Use fishing wire to string up Christmas cards on the mantle—it looks so festive!
Use cup hooks to hang outdoor Christmas lights—little white ones that blend in if you have white wooden eaves on the front of your house. Leave the hooks up all year so lights are a cinch to hang each year.
Use cloth bags and flannel pillowcases tied with ribbons to wrap presents for kids. The cloth bags are reusable and make wrapping so fast (and quiet).
Growing up without much, I wanted to find a way to share the holiday spirit with my children that had nothing to do with tangible gifts, but sharing a sentiment that money couldn’t buy. This was the beginning of our Christmas letter tradition. Each family member writes a letter to the others. Everyone can participate no matter the writing level (preschoolers draw pictures). Before Christmas Eve, the letters are rolled up, tied with ribbon and placed in the tree. We take a quiet moment on Christmas Day to read them (sharing is optional). The letters have become treasures over the years. –Susan May
Request gifts that won’t clutter the house, such as zoo memberships, meal prep services or magazine subscriptions.
Ask family members to submit their favorite recipes and make a cookbook. Consider adding family photos and stories. It will be a treasured gift for years to come.
Keep a spreadsheet of gifts: where purchased, how it’s wrapped (in case a label falls off), and which gathering it goes to (when there are multiple celebrations to attend). The spreadsheet can also be used to remember what you’ve given people in previous years.

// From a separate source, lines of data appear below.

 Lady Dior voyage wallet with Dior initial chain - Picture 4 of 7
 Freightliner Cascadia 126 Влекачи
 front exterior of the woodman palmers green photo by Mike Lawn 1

To avoid going overboard with gifts for the kids, buy them something they want, something they need, something to wear and something to read.

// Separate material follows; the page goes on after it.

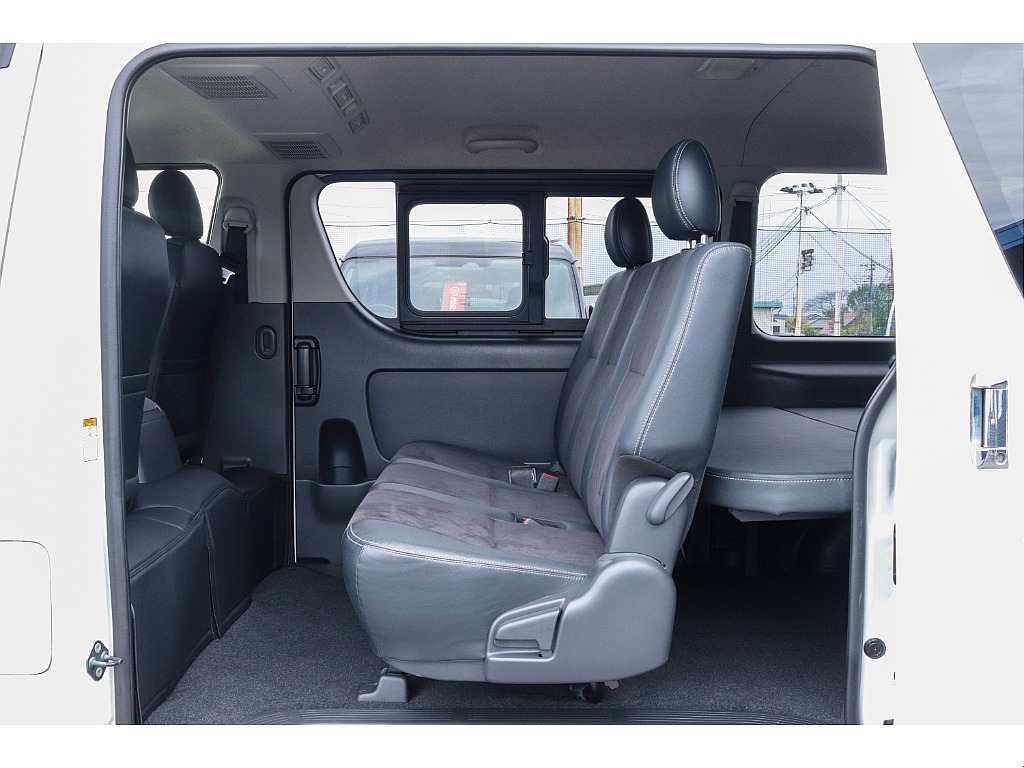 ハイエースセカンド高崎店にて展示中♪027-384-3591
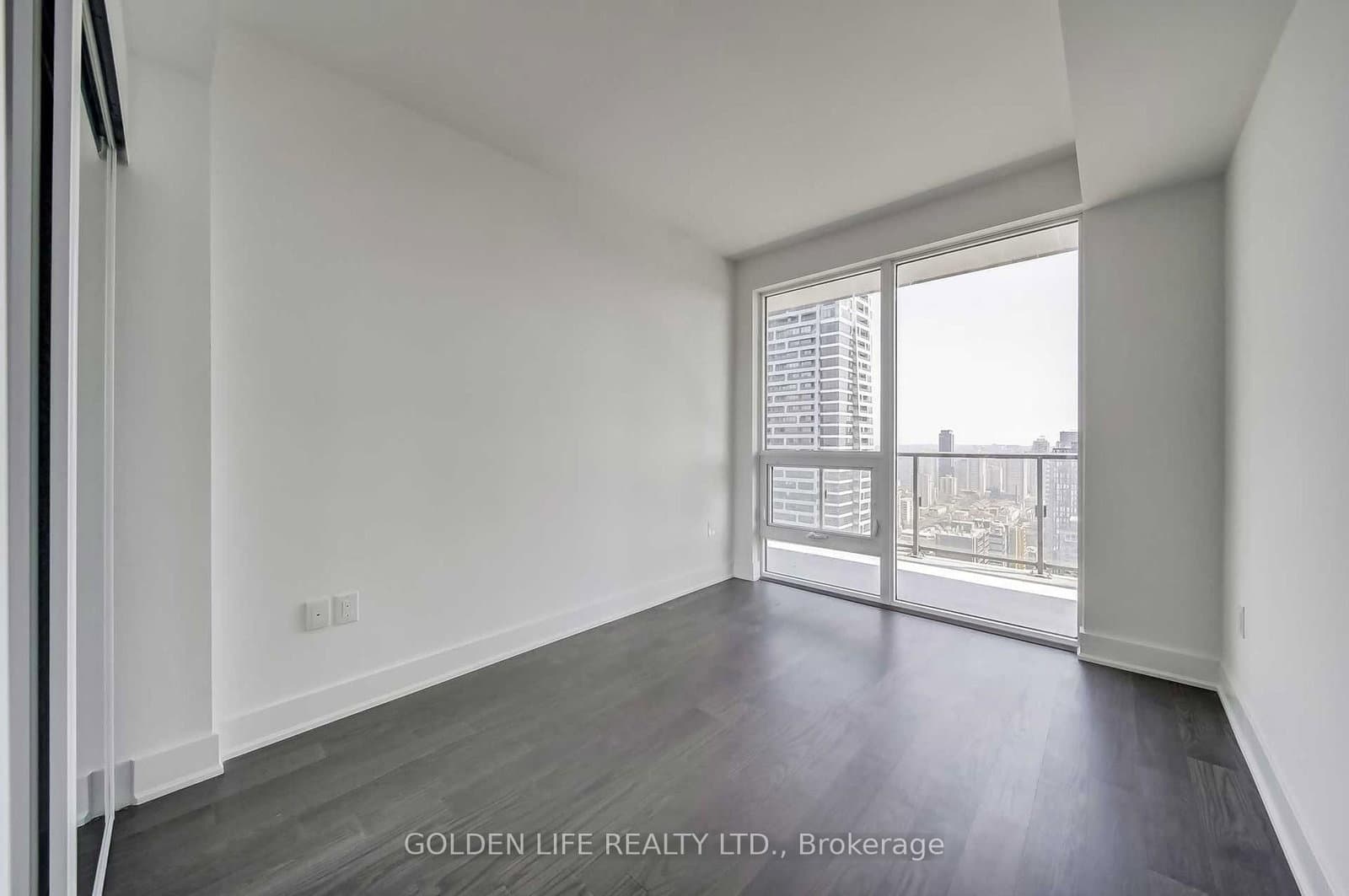 955 Bay Street, Unit 3802 thumbnail 13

Use www.pirateship.com to save on shipping costs through USPS. Print labels from home for free and save on shipping.
Make mason jar cookie kits as gifts for neighbors and friends. Layer all dry ingredients in the jars; recipients only need to add eggs and butter, and bake. Don’t forget to include the recipe!
Anne Barrera made large themed felt envelopes with Santa’s mailing address on them; my kids write what they want for Christmas, put it inside, and an elf picks them up to deliver to Santa. On Christmas Day some gifts are specially labeled, “certified” from The North Pole. Gotta keep the spirit alive!
CHRISTMAS EVE TRADITIONS
We have embraced decorating store-bought cookies for Santa in hectic years. I’m grateful to the person who said years ago that Santa doesn’t want a ton of goodies because he and his reindeer eat at every house.
–Janice Lew Santos
We let the kids open a box of fun snacks and something to do together as a family on Christmas Eve (a movie, a puzzle, etc.).

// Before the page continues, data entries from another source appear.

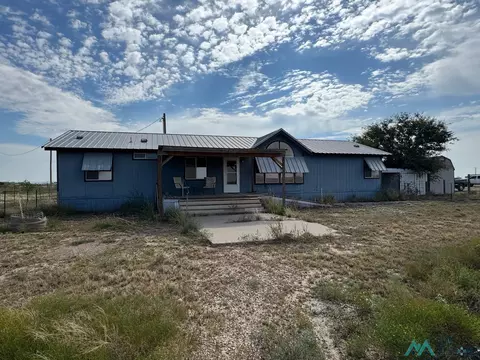 6649 Russell Rd, Dexter, NM 88203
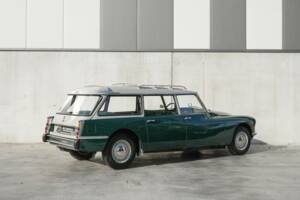Image 8/43 of Citroën ID 19 Break (1967)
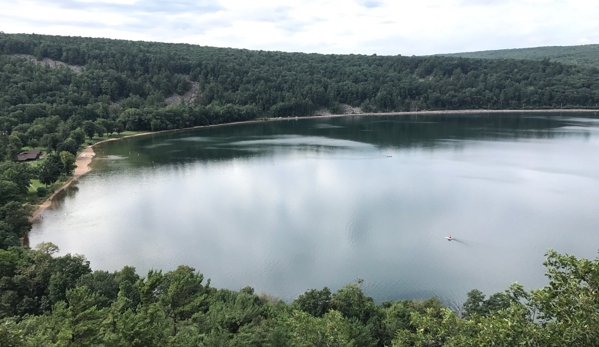 Devils Lake Ice Age Camp Store - Baraboo, WI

Make a fabric “Santa bag” for each child to set by the tree for Santa to puts gifts in after they go to sleep. It only takes a yard of festive fabric and a cord for a drawstring—so easy to sew! Bonus: No need to wrap Santa gifts and less wrapping paper in the landfill.
After candlelight service on Christmas Eve, the kids are allowed to open one gift each, which is always new pajamas, so we can take adorable pictures the next morning.
MORE HACKS FROM LOCAL MOMS
Check out all the things busy mom and local teacher Alyssa Navapanich does to save time:
- Accesses the family’s shared gift list in Google drive, which has everyone’s wish lists, sizes, favorite colors, interests, etc.
- Packs all stocking items in labeled bags to drop into stockings on Christmas Eve.
- Makes side dishes for dinner a few days ahead to simply put into the oven the day of.
- Keeps an address list for cards (already formatted for labels) that she updates as needed throughout the year.
- Maintains a shared recipe book in Google drive with all the family recipes, including (most importantly) the Christmas cookies.